◆ **TASK TO CARRY OUT**:
Below are entries. Give back exactly the lines from the one containing "Alright, so I" through the one containing "As you can see, we", inclusive, without the pictures.

-------- EXERCISE DATA

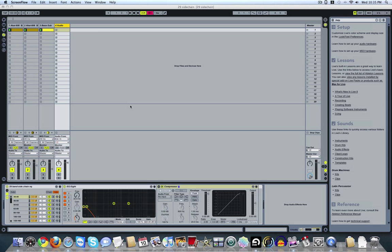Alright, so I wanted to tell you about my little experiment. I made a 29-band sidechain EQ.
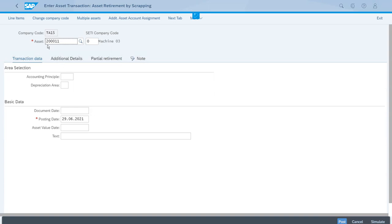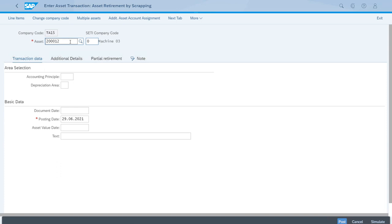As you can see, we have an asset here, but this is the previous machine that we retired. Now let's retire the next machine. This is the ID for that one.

----------------
-------- EXERCISE DATA

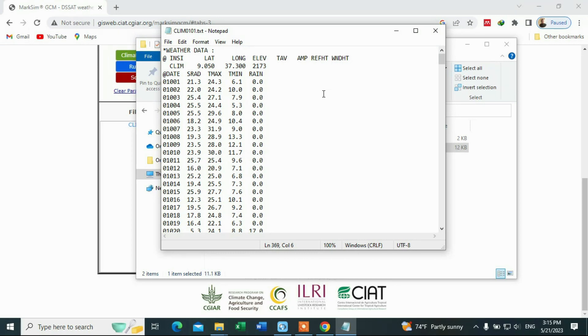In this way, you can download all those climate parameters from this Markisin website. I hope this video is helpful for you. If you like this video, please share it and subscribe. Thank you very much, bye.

----------------

◆ **WORKED SOLUTION**:
Alright, so I wanted to tell you about my little experiment. I made a 29-band sidechain EQ.
As you can see, we have an asset here, but this is the previous machine that we retired. Now let's retire the next machine. This is the ID for that one.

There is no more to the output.